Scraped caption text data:
┏━━

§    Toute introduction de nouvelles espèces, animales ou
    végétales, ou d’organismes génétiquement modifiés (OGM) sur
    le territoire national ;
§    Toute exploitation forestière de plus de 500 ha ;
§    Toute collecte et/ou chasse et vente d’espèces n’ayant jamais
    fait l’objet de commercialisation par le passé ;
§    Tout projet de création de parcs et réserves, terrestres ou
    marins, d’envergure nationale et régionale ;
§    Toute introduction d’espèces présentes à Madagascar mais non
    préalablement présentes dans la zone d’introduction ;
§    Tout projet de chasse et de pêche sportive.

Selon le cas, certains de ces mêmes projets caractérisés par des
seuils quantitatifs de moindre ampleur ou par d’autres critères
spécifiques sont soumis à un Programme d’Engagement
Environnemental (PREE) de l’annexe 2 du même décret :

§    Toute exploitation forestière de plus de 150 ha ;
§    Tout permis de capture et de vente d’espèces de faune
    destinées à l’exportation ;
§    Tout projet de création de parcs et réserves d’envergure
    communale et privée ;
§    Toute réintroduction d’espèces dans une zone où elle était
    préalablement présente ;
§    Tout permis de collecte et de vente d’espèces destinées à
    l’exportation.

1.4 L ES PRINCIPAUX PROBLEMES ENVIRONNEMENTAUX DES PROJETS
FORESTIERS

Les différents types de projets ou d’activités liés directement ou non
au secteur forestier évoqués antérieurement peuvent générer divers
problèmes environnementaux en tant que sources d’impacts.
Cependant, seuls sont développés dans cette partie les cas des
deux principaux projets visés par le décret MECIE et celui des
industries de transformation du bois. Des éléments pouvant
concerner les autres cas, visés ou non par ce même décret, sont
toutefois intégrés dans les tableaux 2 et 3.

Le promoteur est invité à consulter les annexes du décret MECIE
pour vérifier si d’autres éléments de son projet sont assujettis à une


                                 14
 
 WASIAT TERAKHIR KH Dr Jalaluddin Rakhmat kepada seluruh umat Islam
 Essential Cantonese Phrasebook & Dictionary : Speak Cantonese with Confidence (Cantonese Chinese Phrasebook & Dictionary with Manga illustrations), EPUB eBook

┗━━

TASK TO COMPLETE
Using the records above, output exactly the lines from the one containing "de 150 ha ;" through the last line, and no others.

ANSWER TO THE EXERCISE
§    Toute exploitation forestière de plus de 150 ha ;
§    Tout permis de capture et de vente d’espèces de faune
    destinées à l’exportation ;
§    Tout projet de création de parcs et réserves d’envergure
    communale et privée ;
§    Toute réintroduction d’espèces dans une zone où elle était
    préalablement présente ;
§    Tout permis de collecte et de vente d’espèces destinées à
    l’exportation.

1.4 L ES PRINCIPAUX PROBLEMES ENVIRONNEMENTAUX DES PROJETS
FORESTIERS

Les différents types de projets ou d’activités liés directement ou non
au secteur forestier évoqués antérieurement peuvent générer divers
problèmes environnementaux en tant que sources d’impacts.
Cependant, seuls sont développés dans cette partie les cas des
deux principaux projets visés par le décret MECIE et celui des
industries de transformation du bois. Des éléments pouvant
concerner les autres cas, visés ou non par ce même décret, sont
toutefois intégrés dans les tableaux 2 et 3.

Le promoteur est invité à consulter les annexes du décret MECIE
pour vérifier si d’autres éléments de son projet sont assujettis à une


                                 14
 
 WASIAT TERAKHIR KH Dr Jalaluddin Rakhmat kepada seluruh umat Islam
 Essential Cantonese Phrasebook & Dictionary : Speak Cantonese with Confidence (Cantonese Chinese Phrasebook & Dictionary with Manga illustrations), EPUB eBook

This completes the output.